Selama lebih dari tiga dekade, sejak 19 Februari 1992, satu kolom mingguan tetap menjadi kolom yang konsisten: “My Week In Cars.” Penulisnya, Steve Cropley, merefleksikan daya tarik abadi dari fitur yang sudah berjalan lama ini dan asal usulnya yang mengejutkan.
Umur Panjang Kolom Pribadi yang Tak Terduga
Kegigihan kolom ini bukan hanya tentang kebiasaan; ini tentang hubungan yang mendalam dan hampir mendasar dengan penonton. Cropley dengan jujur mengakui hak istimewa memiliki platform dalam publikasi terkemuka seperti Autocar untuk berbagi pengalaman pribadi. Ini bukan sekedar pemanjaan diri, namun merupakan kelanjutan dari tradisi yang sudah ada sejak kolumnis otomotif berpengaruh di masa lalu.
Kekuatan Satu Suara: Warisan Bill Tuckey
Penulis memuji kolumnis otomotif Australia Bill Tuckey sebagai pengaruh formatif. Sebagai seorang pembaca muda yang tumbuh di kota terpencil di Australia pada tahun 1960-an, Cropley menganggap tulisan Tuckey menarik. Gaya percakapan kolumnis yang langsung terasa pribadi dan mengilhami ketertarikan seumur hidup terhadap mediumnya.
“Tuckey adalah alasan mengapa saya tidak berprestasi di sekolah. Saya terlalu sibuk membaca fitur dan kolomnya di bawah meja.”
Anekdot ini menggambarkan kekuatan seorang penulis yang kuat untuk memikat pembacanya, bahkan hingga merugikan kepentingan akademis. Cropley kemudian mengkonfirmasi pengaruh Tuckey secara langsung, mendapatkan reaksi yang sederhana namun memuaskan.
Kelanjutan Modern: Podcast dan Penulisan Kolaboratif
Tradisi ini meluas ke generasi baru.

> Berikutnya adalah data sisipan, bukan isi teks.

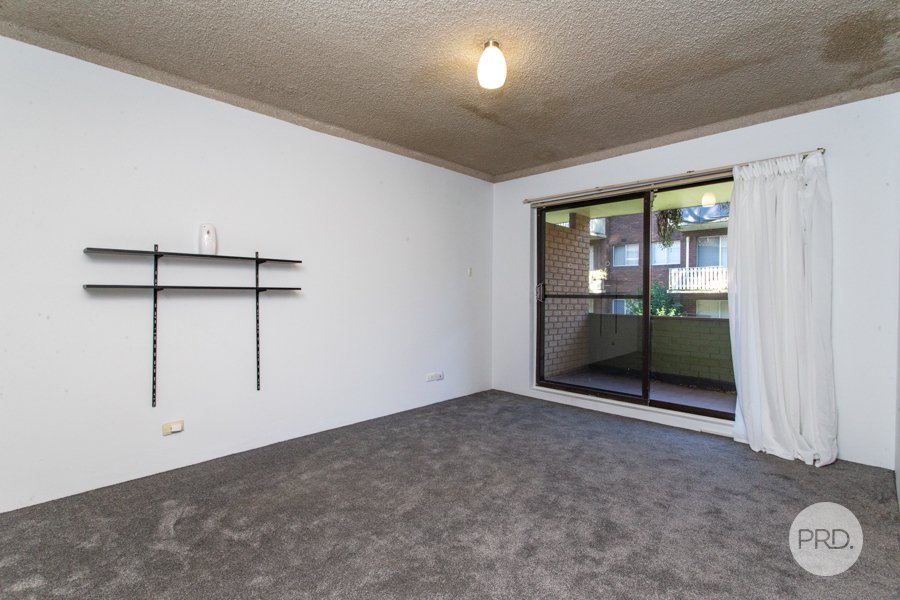 3/7 Santley Cres  Kingswood 9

Cropley mencatat bahwa sesama kontributor Autocar Matt Prior memiliki antusiasme yang sama untuk menulis kolom, sebagaimana dibuktikan dalam podcast bersama mereka, “My Week In Cars.” Podcast memperkuat dinamikanya yang mudah, sering kali dimulai dengan ide-ide lepas yang berkembang menjadi potongan-potongan yang halus.
Kegembiraan Prosesnya
Meskipun terkadang ada tenggat waktu dan tekanan untuk menyampaikan konten segar, Cropley dan Prior tidak pernah melewatkan satu kolom pun, baik saat liburan atau lainnya. Alasannya bukan karena takut akan kompetisi, tapi karena kenikmatan sejati. Ritual mingguan ini tetap menjadi sorotan, membuktikan bahwa hubungan personal dalam jurnalisme otomotif masih jauh dari ketinggalan jaman.
Karya penulis selama tiga puluh empat tahun dengan “My Week In Cars” menunjukkan kekuatan abadi dari kolom pribadi yang dilaksanakan dengan baik. Formatnya, yang berasal dari pertengahan abad ke-20, terus diterima oleh khalayak modern karena keaslian dan hubungan antarmanusianya.